Problem details:
Return the data below unchanged. Drop any pictures.
Study material START
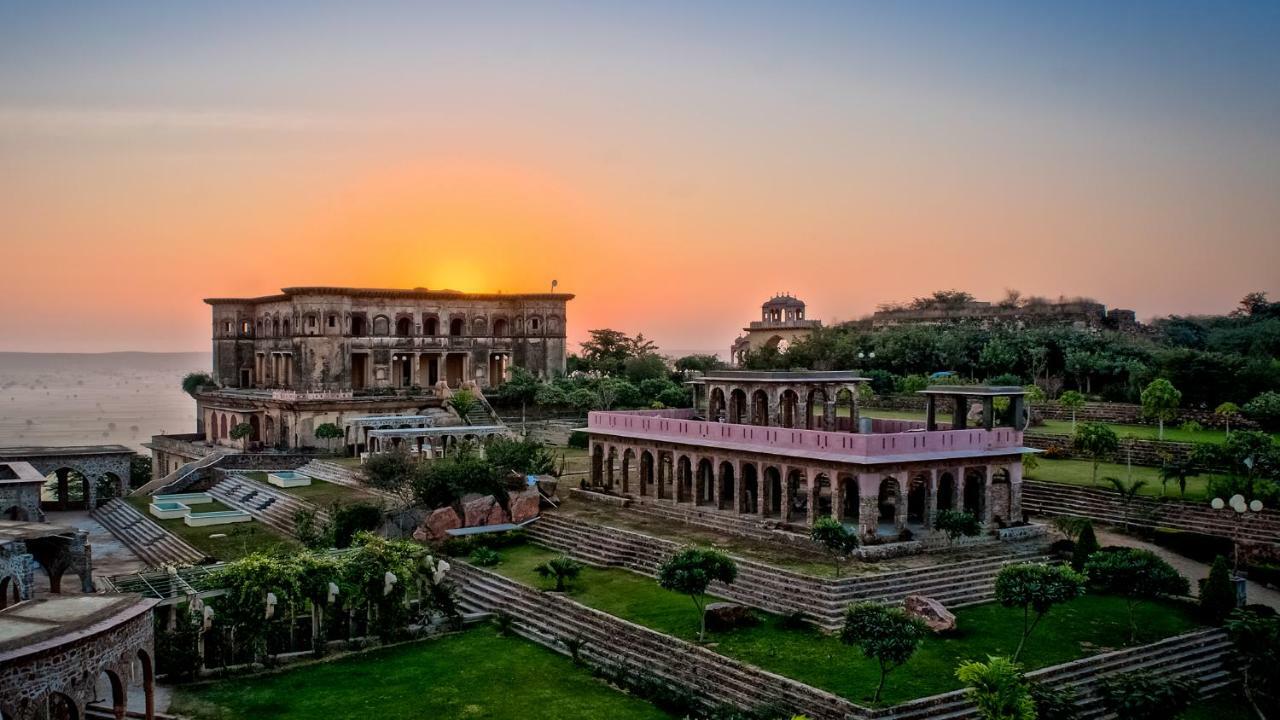 Neemrana'S - Tijara Fort Palace Exteriér fotografie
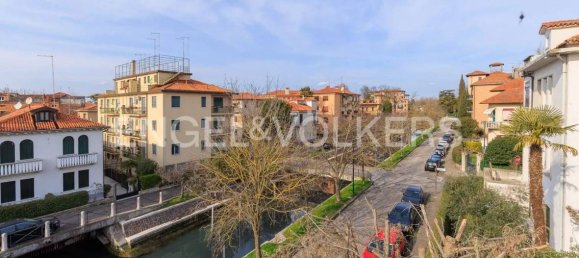 2 bedrooms Apartment in Venice, Italy No. 127221 10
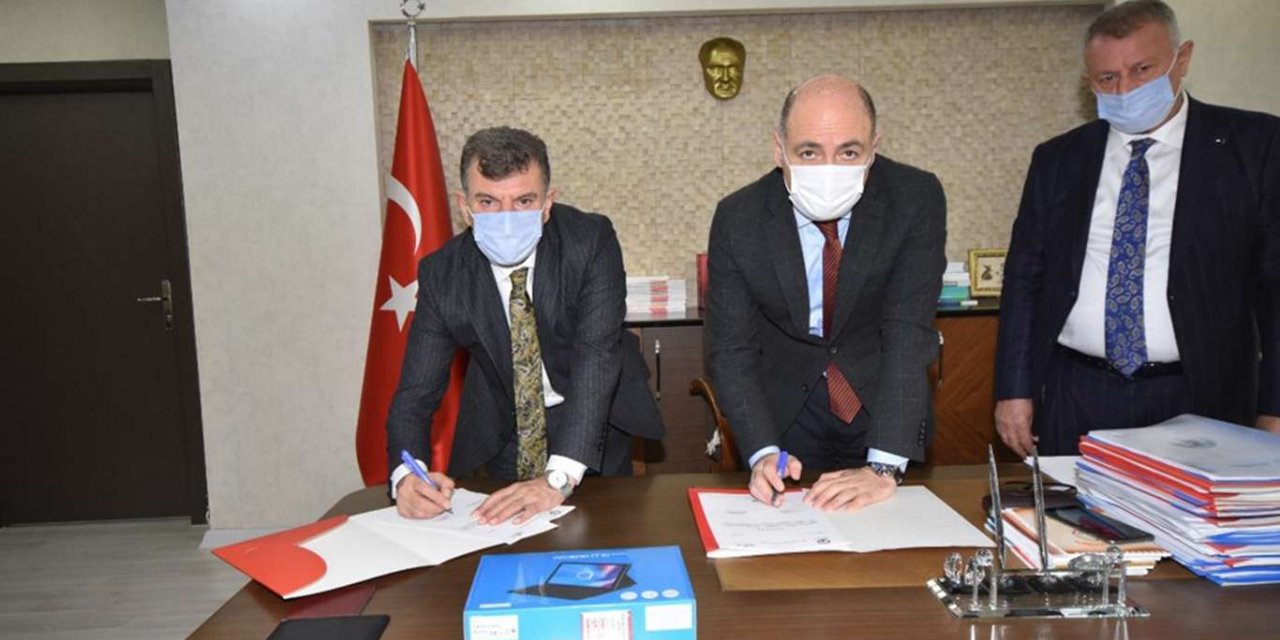 BATSO’dan Milli Eğitim Müdürlüğü’ne tablet yardımı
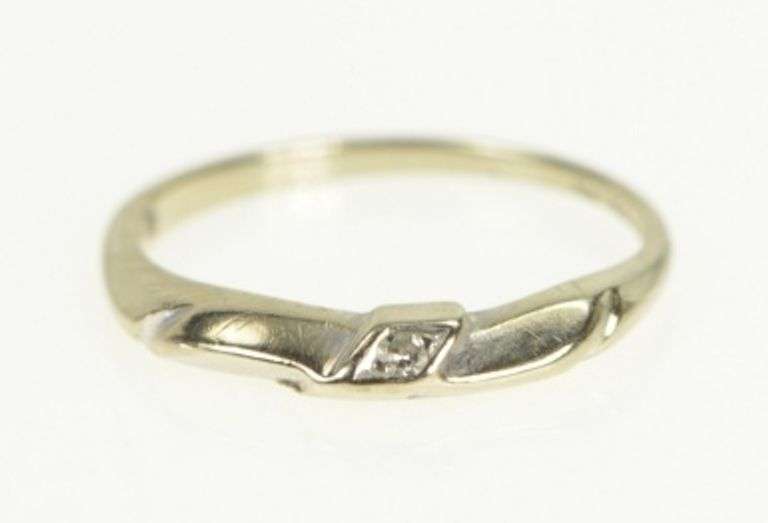 14K White Gold 1950's Vintage Classic Diamond Wedding Ring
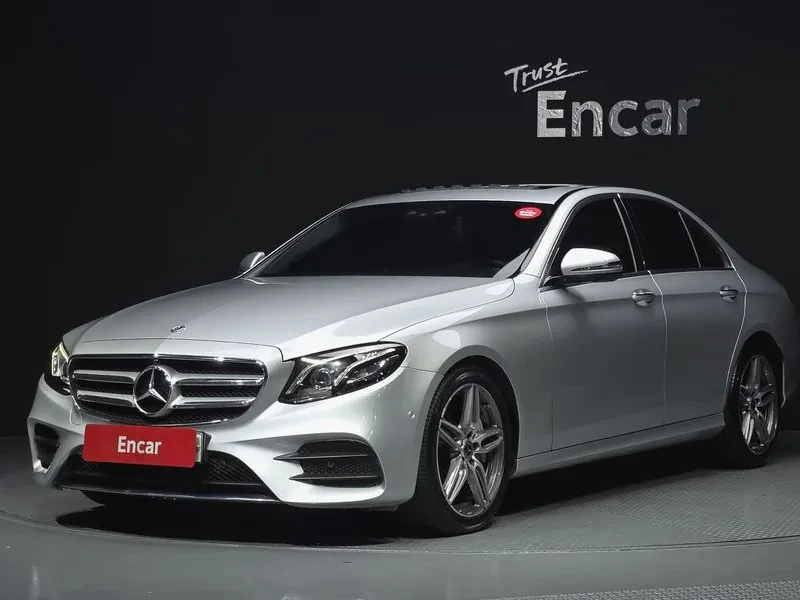Mercedes-Benz E 300 Amg Line
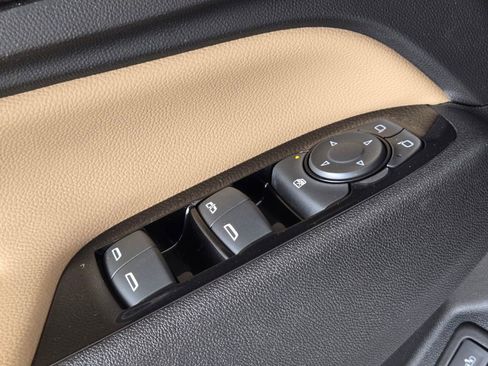 Used 2024 Chevrolet Equinox Premier image 36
Study material END
Task answer:
 Neemrana'S - Tijara Fort Palace Exteriér fotografie
 2 bedrooms Apartment in Venice, Italy No. 127221 10
 BATSO’dan Milli Eğitim Müdürlüğü’ne tablet yardımı
 14K White Gold 1950's Vintage Classic Diamond Wedding Ring
Mercedes-Benz E 300 Amg Line
 Used 2024 Chevrolet Equinox Premier image 36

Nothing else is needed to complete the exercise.